Hearns v. Waterbury Hosp.

Decision Date05 April 1895
Citation66 Conn. 98,33 A. 595
CourtConnecticut Supreme Court
PartiesHEARNS v. WATERBURY HOSPITAL.

Appeal from superior court, New Haven county; George W. Wheeler, Judge.

Action by Hugh Hearns against the Waterbury Hospital for negligent treatment while a patient. From a judgment for defendant, plaintiff appeals. Affirmed.

John O'Neill and William Kennedy, for appellant.

Stephen W. Kellogg and John P. Kellogg, for appellee.

HAMERSLEY, J. The Waterbury Hospital was incorporated, by special act of the legislature, "for the purpose of establishing and maintaining a hospital in the town of Waterbury." Under this authority it was organized "for the purpose of furnishing medical and surgical care, nurses, medicines, and food, to patients suffering from disease or from Injuries." It has no capital stock, and its members can derive no profit from the corporation. These features clearly indicate a "charitable corporation," within the meaning of our law. American Asylum at Hartford, etc., v. President, etc., Phoenix Bank, 4 Conn. 172; Bishop's Fund v. Eagle Bank, 7 Conn. 476; Town of Hamden v. Rice, 24 Conn. 350. To this hospital the plaintiff applied for treatment of a fractured kneecap, and brings this action to recover damages for injuries caused, as he claims, by the unskillful and negligent treatment which he received at the hospital. The complaint, after stating the incorporation of the hospital, and the adoption of certain by-laws, alleges that the plaintiff requested of the proper officers admission to the hospital, and promised to pay the defendant such reasonable compensation as it should demand; that the defendant, in consideration thereof, agreed to treat him with care and skill, and furnish him with surgical care, etc., for that purpose; that the defendant was guilty of negligence in the manner specified, and thereby violated its said agreement and duty, whereby the plaintiff was injured, etc.
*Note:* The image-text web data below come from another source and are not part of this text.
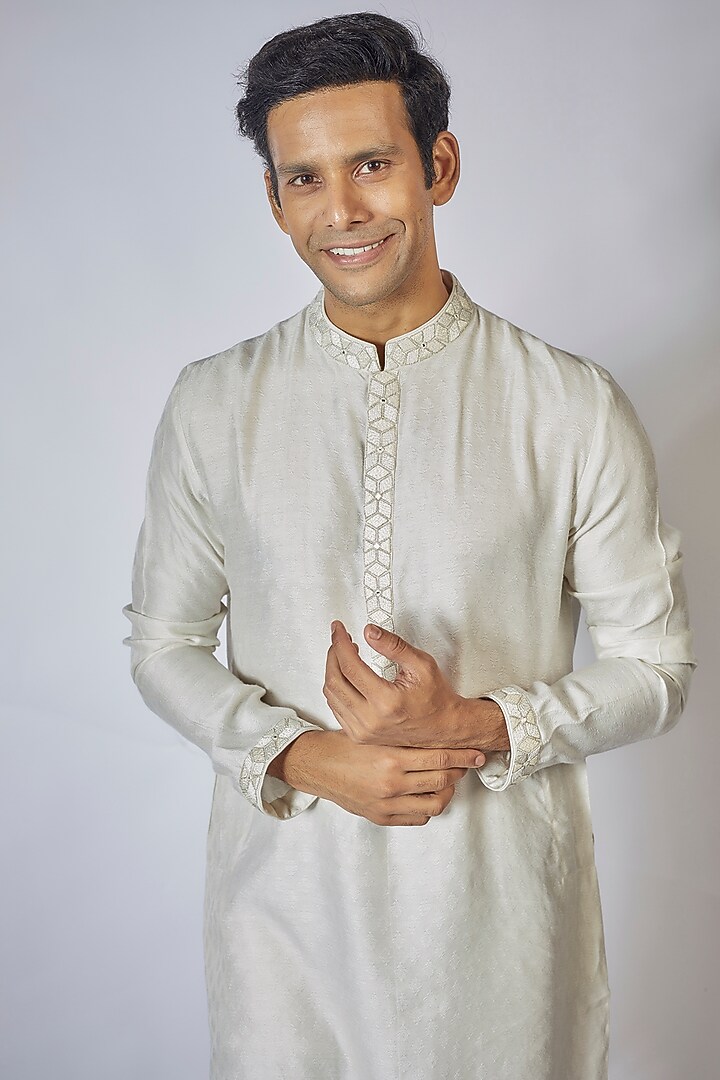 Off-White Jacquard Silk Mirror Embroidered Kurta Set by Bubber Couture at Pernia's Pop Up Shop
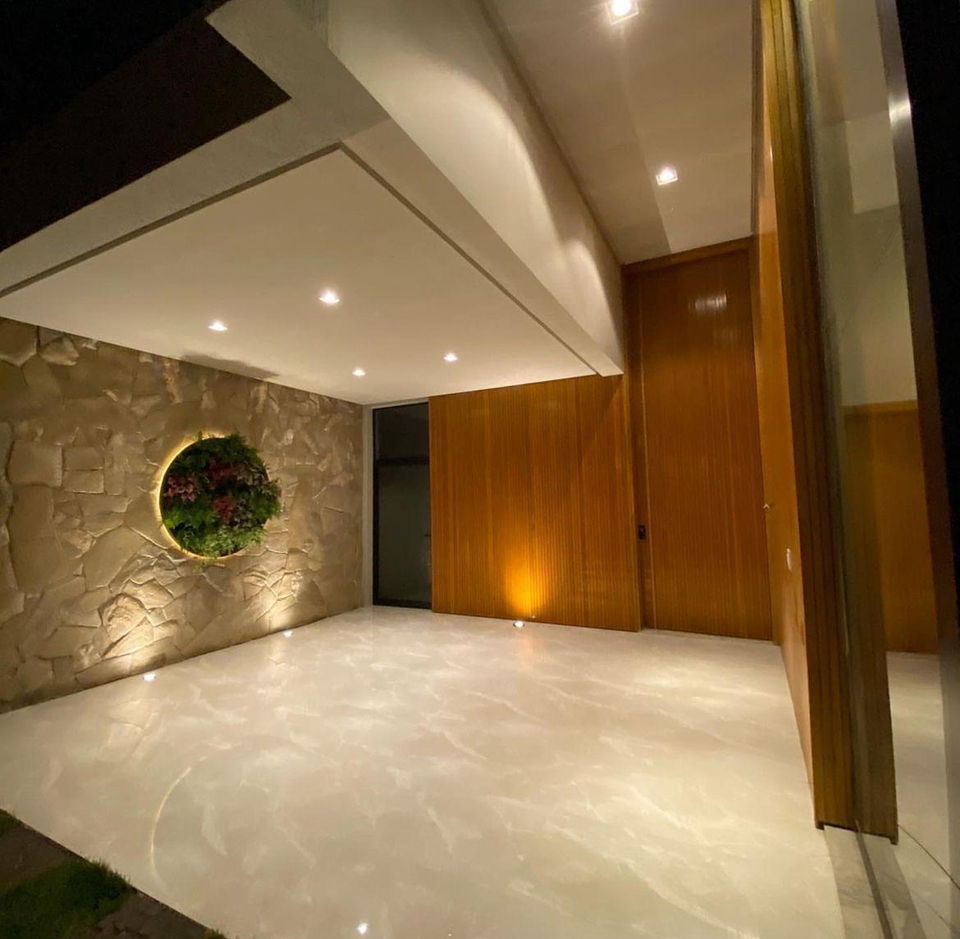 Interior de casa de luxo com iluminação planejada e acabamentos em mármore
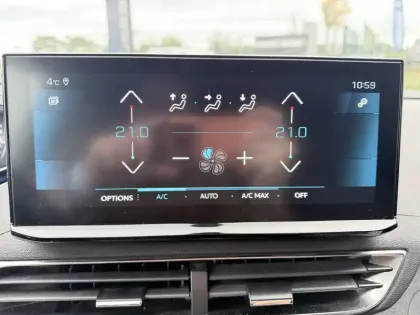 Photo 38 Peugeot 3008  BlueHDi 130ch S&S EAT8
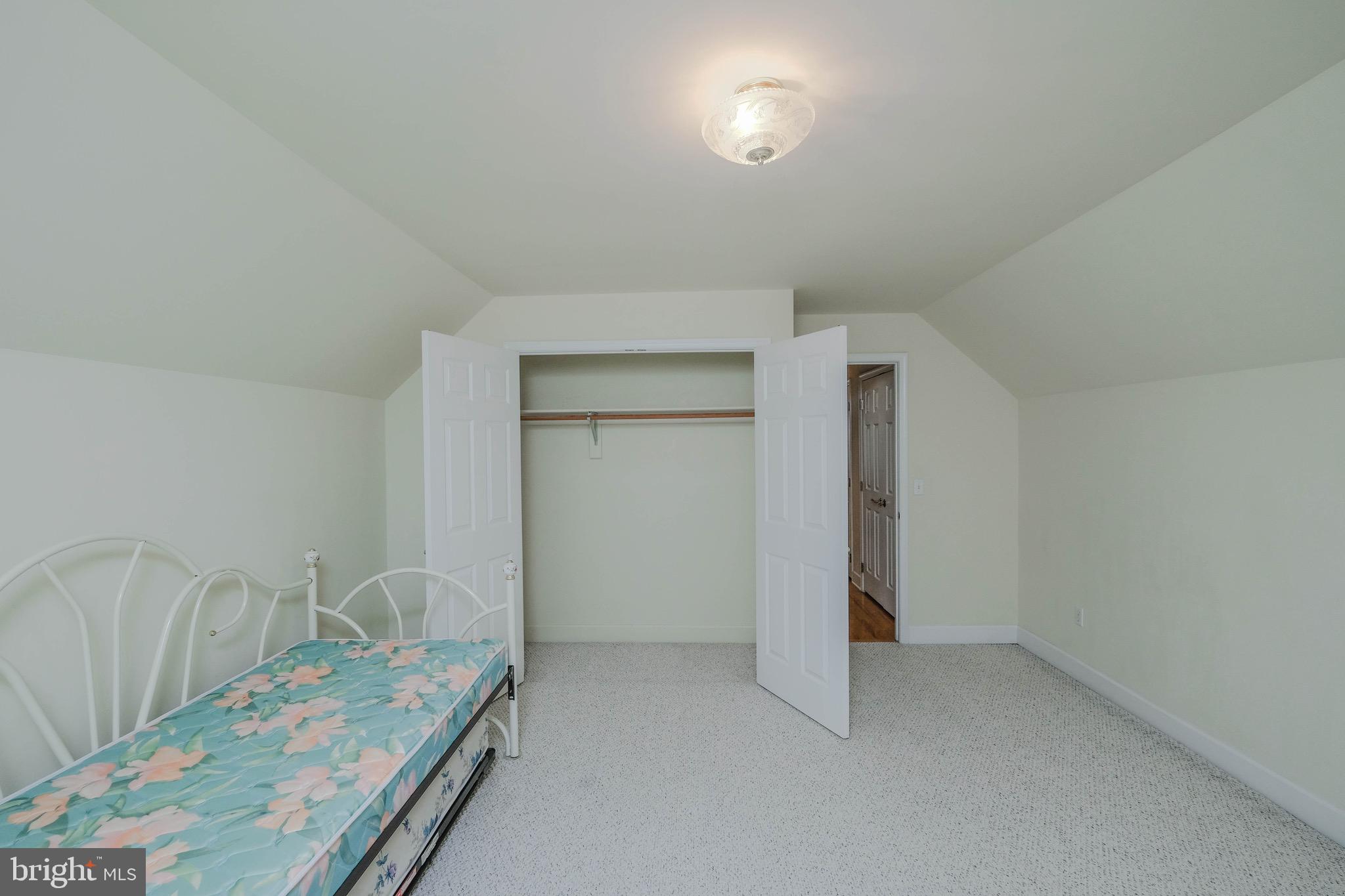 LOCUST HILL - Residential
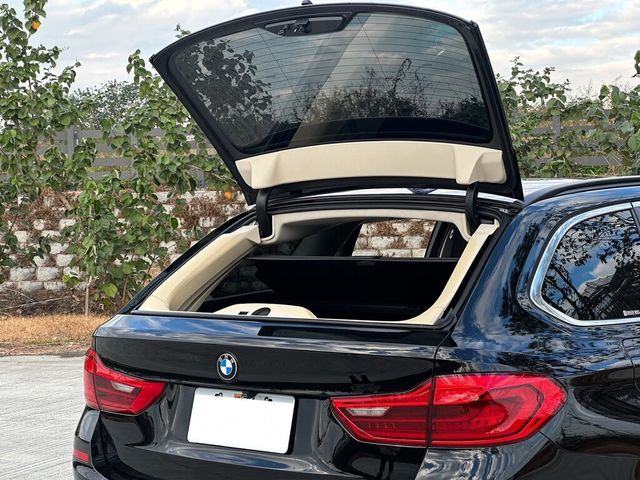 BMW寶馬 530I  第12張相片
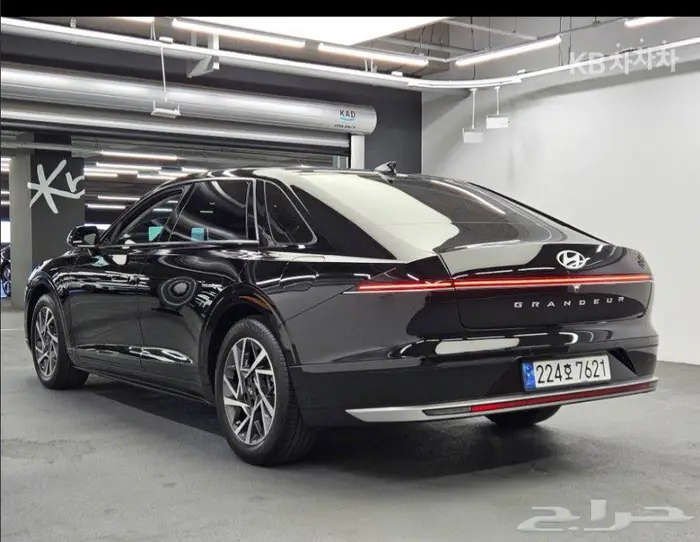 أزيرا 2025 (بنزين) بريميوم 2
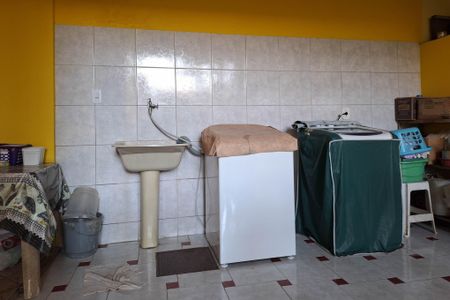 Casa à venda com 390m², 4 quartos e 3 vagas Casa à venda com 390m², 4 quartos e 3 vagasÁrea de Serviço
The defendant's answer denies the negligence and injury, and sets up a special defense to the action, reciting the purposes of its incorporation, and alleging that its by-laws provided that "neither the medical and surgical staff, nor physician or surgeon designated by them, nor any officer of the corporation, shall receive compensation from the hospital in any form for the duties performed in its behalf." To this special defense the plaintiff demurred. The court below overruled the demurrer, and gave judgment for the defendant, and the plaintiff appealed from that judgment.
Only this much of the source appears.